=== Task statement ===
Wherever a picture appears in the listing below, leave it out and reproduce the rest exactly.
Segment Start: Data extract
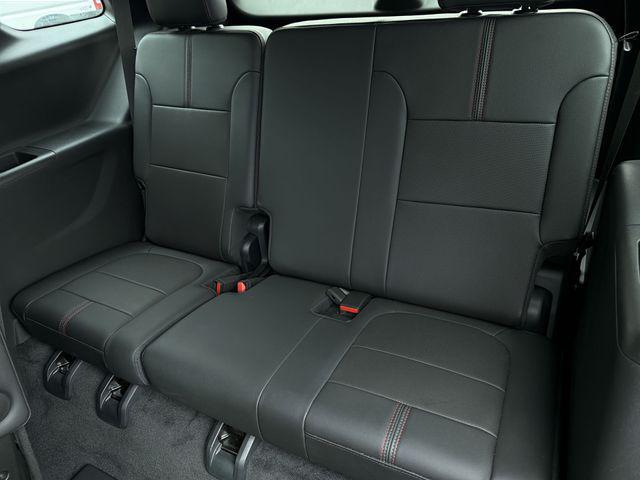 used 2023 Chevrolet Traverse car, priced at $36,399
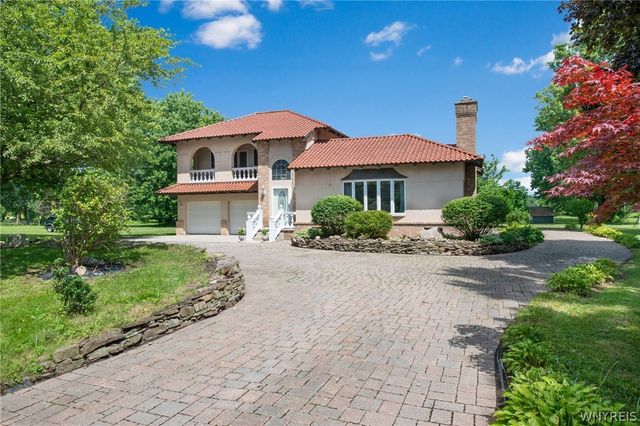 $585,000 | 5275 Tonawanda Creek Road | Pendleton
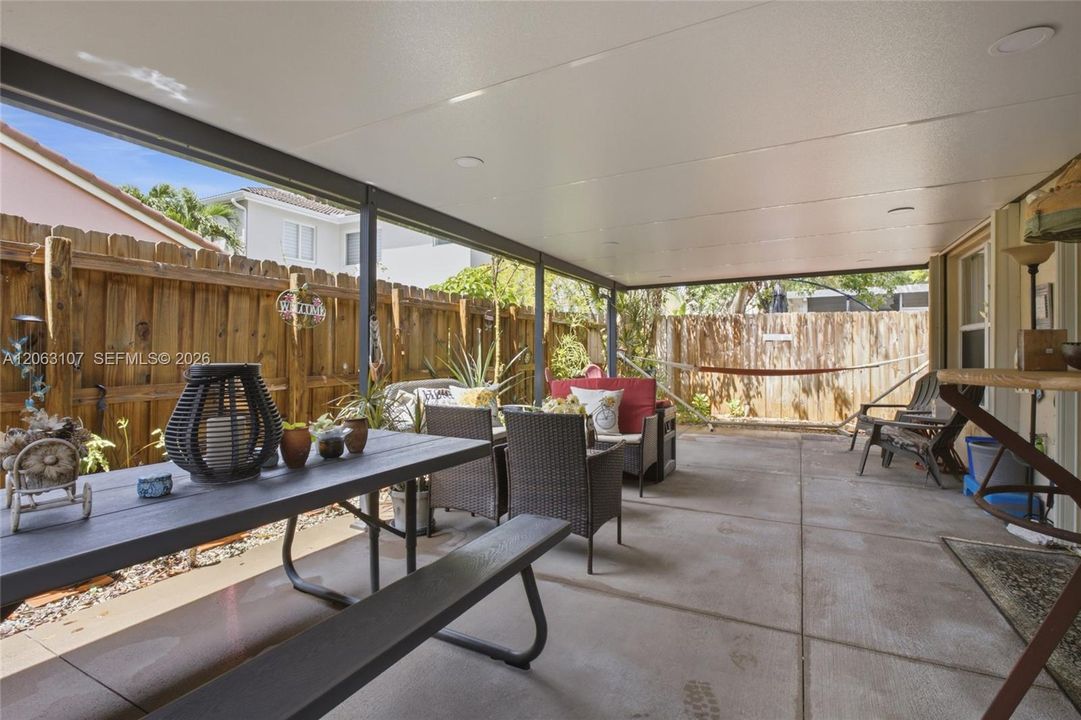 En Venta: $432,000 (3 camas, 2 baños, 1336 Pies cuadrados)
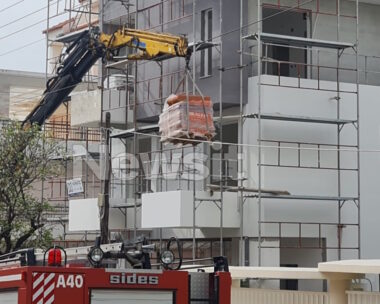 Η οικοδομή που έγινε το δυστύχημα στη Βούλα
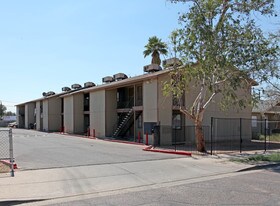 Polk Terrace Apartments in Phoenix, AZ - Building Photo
Segment End: Data extract
=== Exercise output ===
 used 2023 Chevrolet Traverse car, priced at $36,399
 $585,000 | 5275 Tonawanda Creek Road | Pendleton
 En Venta: $432,000 (3 camas, 2 baños, 1336 Pies cuadrados)
 Η οικοδομή που έγινε το δυστύχημα στη Βούλα
 Polk Terrace Apartments in Phoenix, AZ - Building Photo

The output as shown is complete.